England may be on an upward Test curve following victory in South Africa, but in Sri Lanka they will be up against a coach who has their number.
Mickey Arthur was appointed to lead Sri Lanka across all formats late last year after being overlooked for the England job by the ECB’s director of cricket, Ashley Giles. That was despite Arthur boasting an incredible record of success against England during his time with both South Africa and Pakistan.
Arthur inspired South Africa to their first Test series win on English soil in 40 years in 2008 and led Pakistan to back-to-back series draws in England in 2016 and 2018.
Now, having watched Joe Root’s side win their first Test series in over a year in South Africa, Arthur is out to build on his record and ensure that England’s revival in the longest format is short-lived.
‘My record against England is good,’ Arthur told Sportsmail. ‘I grew up admiring English cricket and everything about the English game.

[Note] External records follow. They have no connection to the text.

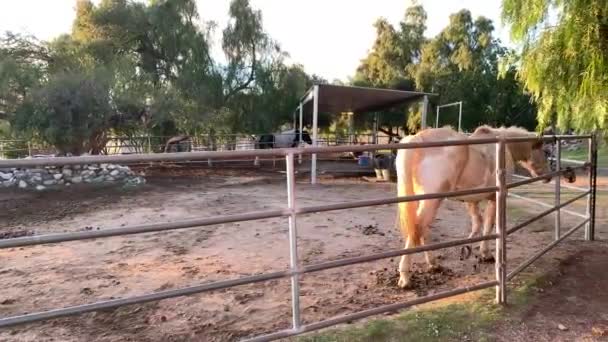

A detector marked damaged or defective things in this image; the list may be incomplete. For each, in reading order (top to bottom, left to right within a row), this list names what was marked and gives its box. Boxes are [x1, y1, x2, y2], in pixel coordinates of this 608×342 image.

rusty fence rail [0, 135, 600, 340]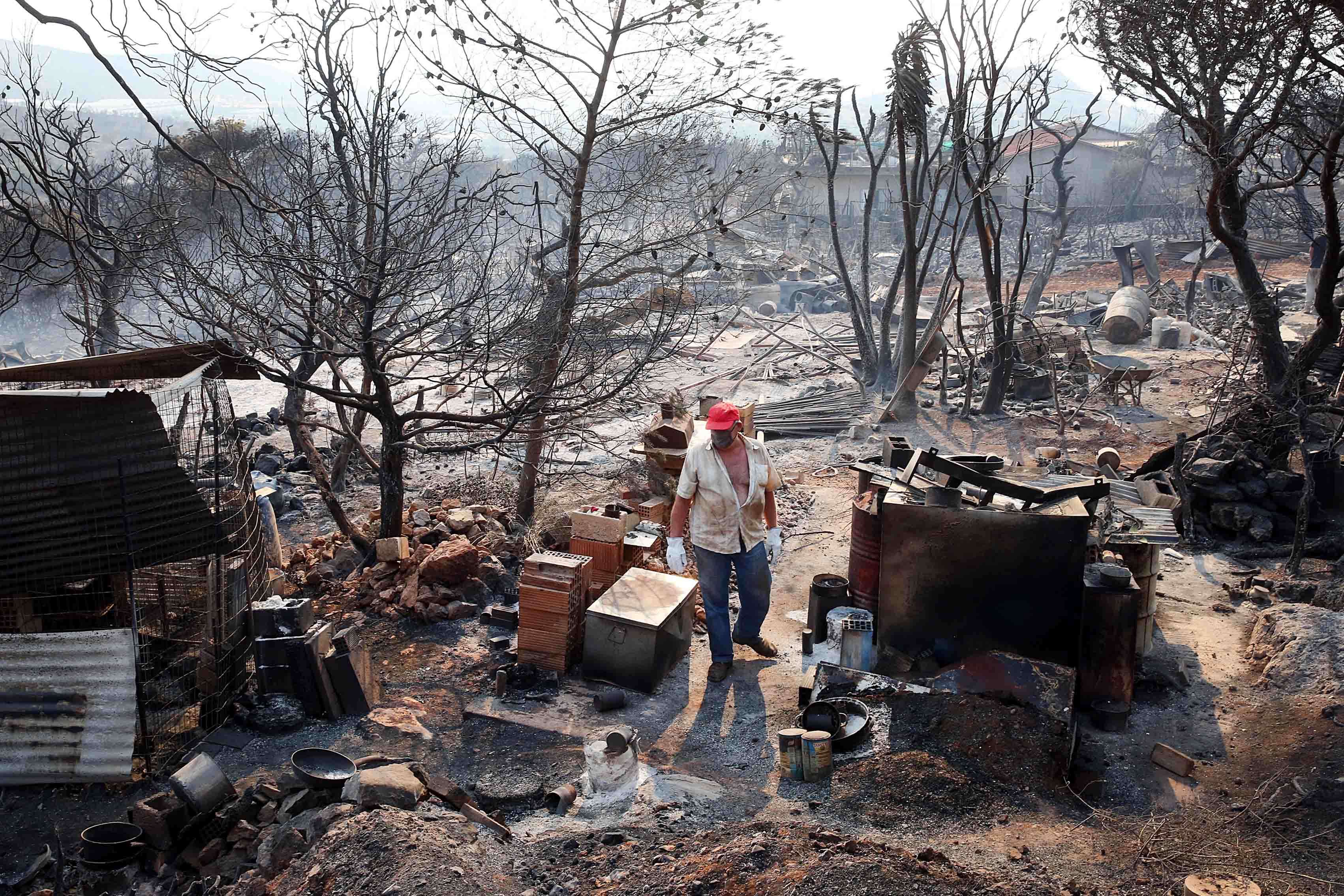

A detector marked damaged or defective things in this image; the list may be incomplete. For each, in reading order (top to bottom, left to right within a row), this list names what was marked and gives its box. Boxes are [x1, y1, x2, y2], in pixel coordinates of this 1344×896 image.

rusted metal sheet [0, 341, 257, 384]
rusted barrel [1096, 286, 1150, 346]
rusted metal sheet [0, 389, 224, 591]
rusted barrel [849, 492, 882, 618]
rusted metal sheet [0, 629, 136, 779]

I still think England is the home of cricket.
‘There’s nothing better than playing against them — that inspires me every time I come up against them.’

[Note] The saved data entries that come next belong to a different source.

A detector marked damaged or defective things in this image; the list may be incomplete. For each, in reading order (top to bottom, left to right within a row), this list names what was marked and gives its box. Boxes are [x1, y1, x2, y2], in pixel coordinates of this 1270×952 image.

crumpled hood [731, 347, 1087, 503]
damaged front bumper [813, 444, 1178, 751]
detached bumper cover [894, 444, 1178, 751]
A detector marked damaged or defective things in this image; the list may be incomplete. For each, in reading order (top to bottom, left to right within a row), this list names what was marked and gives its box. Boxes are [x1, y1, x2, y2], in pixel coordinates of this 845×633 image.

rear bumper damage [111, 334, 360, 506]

Arthur insists it will be a trial by spin for England in Sri Lanka, despite talk that the hosts are preparing seam-friendly conditions for their Test wickets after they were beaten at their own spinning game when England won 3-0 here in 2018 — just the third time Sri Lanka had ever lost every Test in a home series.

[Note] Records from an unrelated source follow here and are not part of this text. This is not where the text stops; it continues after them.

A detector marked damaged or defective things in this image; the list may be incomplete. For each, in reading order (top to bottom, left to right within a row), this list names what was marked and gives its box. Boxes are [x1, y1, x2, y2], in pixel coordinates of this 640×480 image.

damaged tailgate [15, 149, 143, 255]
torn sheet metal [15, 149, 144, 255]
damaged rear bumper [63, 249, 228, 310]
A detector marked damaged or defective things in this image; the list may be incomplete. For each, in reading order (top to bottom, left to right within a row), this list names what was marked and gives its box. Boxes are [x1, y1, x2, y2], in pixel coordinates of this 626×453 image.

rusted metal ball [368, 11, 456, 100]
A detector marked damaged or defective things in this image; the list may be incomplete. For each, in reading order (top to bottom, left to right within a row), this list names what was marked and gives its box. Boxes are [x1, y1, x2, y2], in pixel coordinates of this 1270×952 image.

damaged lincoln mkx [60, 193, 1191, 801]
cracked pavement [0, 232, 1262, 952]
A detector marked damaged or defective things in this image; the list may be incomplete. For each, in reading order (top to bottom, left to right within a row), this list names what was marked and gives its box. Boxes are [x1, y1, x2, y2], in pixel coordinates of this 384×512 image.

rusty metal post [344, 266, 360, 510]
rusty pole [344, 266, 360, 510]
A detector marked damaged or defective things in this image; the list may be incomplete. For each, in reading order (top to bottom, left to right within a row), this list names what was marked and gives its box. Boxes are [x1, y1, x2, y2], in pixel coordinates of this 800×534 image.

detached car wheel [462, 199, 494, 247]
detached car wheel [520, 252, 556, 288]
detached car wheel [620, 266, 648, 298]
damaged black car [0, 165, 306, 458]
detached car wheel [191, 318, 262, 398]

‘Playing in Sri Lanka is going to be very different to the challenges that England came up against in South Africa,’ said Arthur. ‘We’re going to have three spinners, I would have thought. The breakdown of your team in Sri Lanka would be two quicks, two spinners and then an all-rounder who is a spinner as well. You would generally have a spinner rather than a seamer as your bowling all-rounder.’
Moeen Ali would ordinarily have filled that role perfectly for England. But with the Worcestershire man — who has 181 wickets and more than 2700 runs to his name in Test cricket — having ruled himself out of the tour, England clearly have a hole to fill.
In the 2018 whitewash it was spinners Ali, Adil Rashid and Jack Leach who dominated. The England seamers got just seven wickets between them.
But Arthur insists he will not be asking the groundsman for any help. ‘The pitches will play a role but they’ve been good of late,’ he added. ‘I’m certainly not in the game of wanting massive raging turners from ball one.
‘Your first innings needs to be good. Your spin needs to come into the game on day three and your quicks still need to play a role early on.
‘I like this England side at the moment. They play spin quite well, they sweep and they reverse sweep and they have that ability to move the scoreboard on. It’s important to have batsmen who can transfer the pressure, particularly when you’re facing spin — England have those. We’re going to have to bowl really well against them.’
There might have been a time when Arthur might have expected to be leading England to Sri Lanka rather than the other way round. He admits a discussion was had with Giles before Chris Silverwood was appointed to replace Trevor Bayliss.
Now, Arthur can gauge their progress under Silverwood at close quarters, safe in the knowledge that few people in international cricket have a better idea of how to beat England than he does.